At 10:00 President Carter came in. He immediately began asking where everyone was from, and that was our cue to snap our photos! Then he began to talk to us, and, as we had been so well instructed, we put away the cameras and gave him our full attention. He made a first-time announcement to us that at his doctor visit this week, there had been no signs of cancer. Despite our training, we broke into applause, and that moment, that announcement, would quickly become national news: President Carter announces to Sunday School class that he is cancer-free.
He talked a few minutes about some of the projects the Carter Center was currently working on, and then he started with the Sunday School lesson from the Baptist Formations series. This week’s Bible reading was from Luke 1 about Mary’s song during her visit with Elizabeth before Jesus’ birth.
The message he presented was an inspiring and simple challenge to allow God to use each of us. Mary was a young unmarried peasant woman, an unlikely servant of God, but God chooses ordinary everyday people who are willing to offer themselves for God’s use. We grow up asking the wrong question, he said. It’s not “what do you want to be when you grow up?” that’s important, but rather “what kind of person do you want to be?,” and we must continue, he said, to ask ourselves that every day of our lives as long as we live.
Throughout the Sunday School hour, President Carter was personable and engaged with his listeners. He walked back and forth at audience level, sometimes asking questions about the Bible passage, always talking knowledgeably, skillfully, and from his heart. As he finished and left, we respected our training and did not applaud, and we broke for 15 minutes before the worship service began at 11:00. Everyone stayed for worship, because once we were inside, no one was allowed to leave and re-enter, and the Carters posed for individual photos with every guest after the worship service!

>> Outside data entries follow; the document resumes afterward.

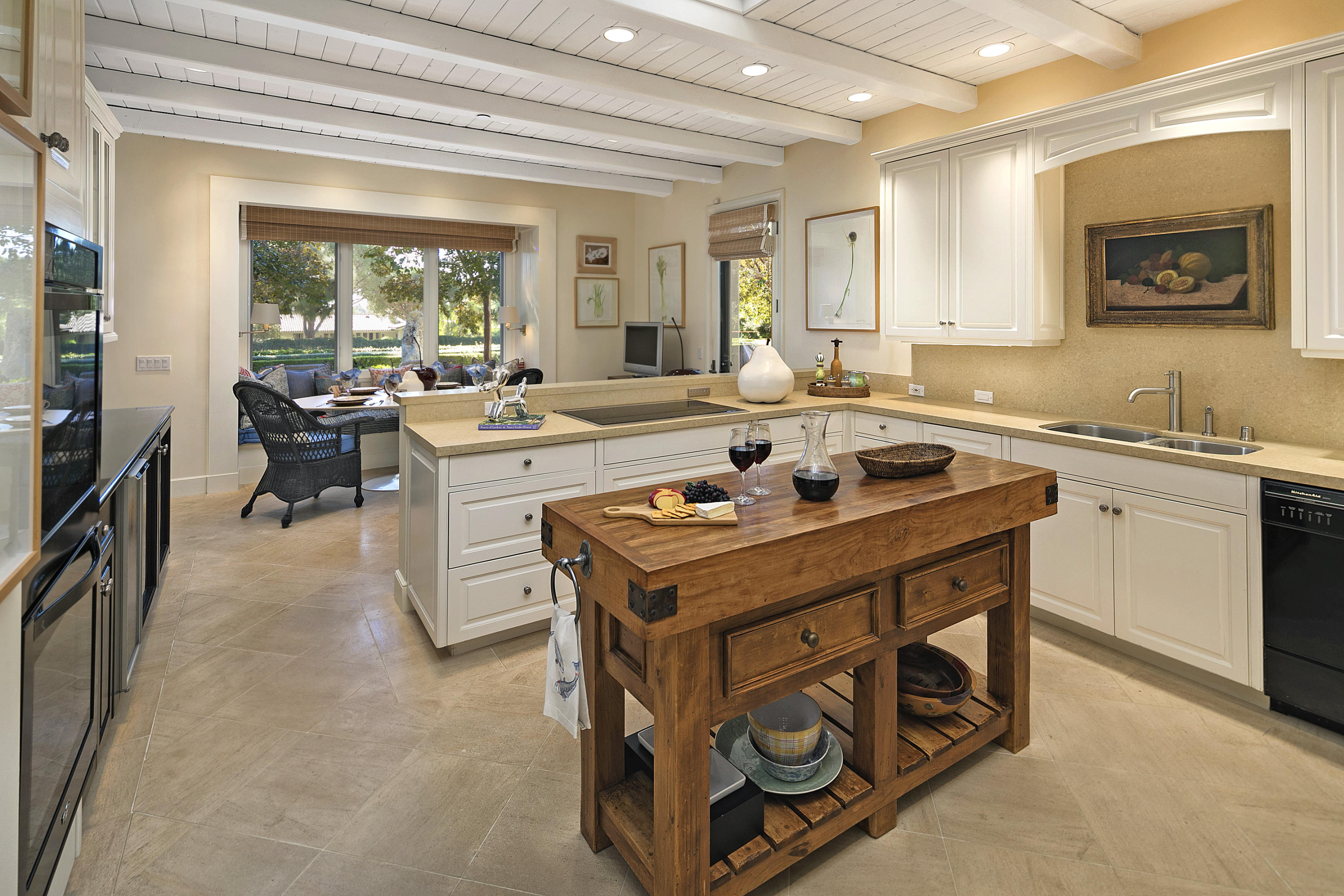 2159 Boundary Drive Montecito, CA 93108 - Photo 12 of 14 a kitchen with a stove a sink a counter top space and furniture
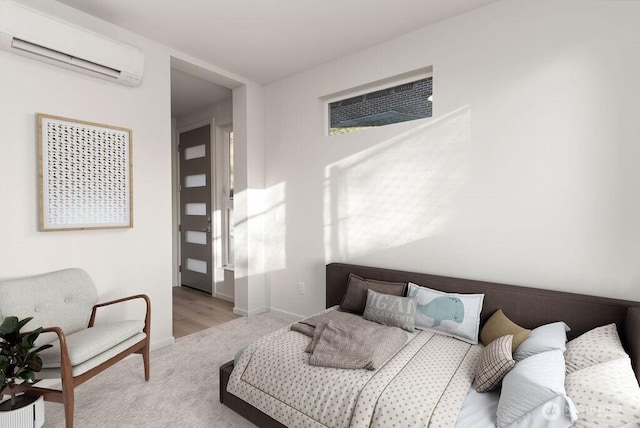 carpeted bedroom featuring a wall mounted AC and baseboards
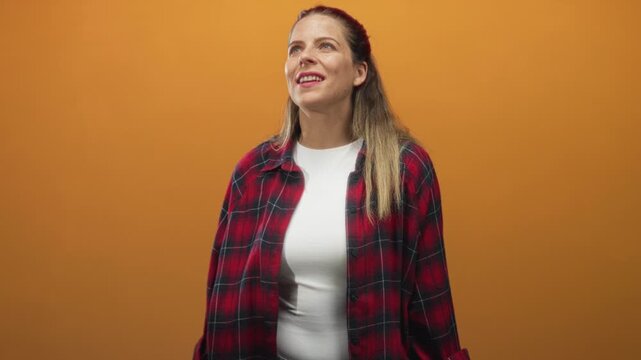Woman smiling and looking up with plaid shirt visible in studio, white tee and long hair on orange seamless backdrop, hands relaxed at sides; quiet joy.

Just before 11:00 the Carters entered together (with their Secret Service friends) and sat in the third pew on the right side. (Rosalynn had also been escorted into the Sunday School class just before it began, and then out again at the end.) Mrs. Jan sang in the choir, possibly as much to keep an eye on us as to sing.
I loved singing the Christmas hymns, and my soul delighted in all that I will forever love about the Baptists.
The pastor’s message was entitled “Journey to Christ: Joseph and Mary,” based on Luke 2:1-7, with the challenge of how each of us can make room for the Christ Child.
After the service, a church member moved into place to snap one (and only one) photo of each guest with the Carters. One after another we quickly handed her our own cameras, and we had been well instructed not to attempt to chat or shake hands with the Carters but to move on quickly. The whole photo session for all guests took only about 15 minutes. What a generous and matchless gift, what a humble and Christ-like couple, and what an incredible honor to have intersected their lives for a few hours.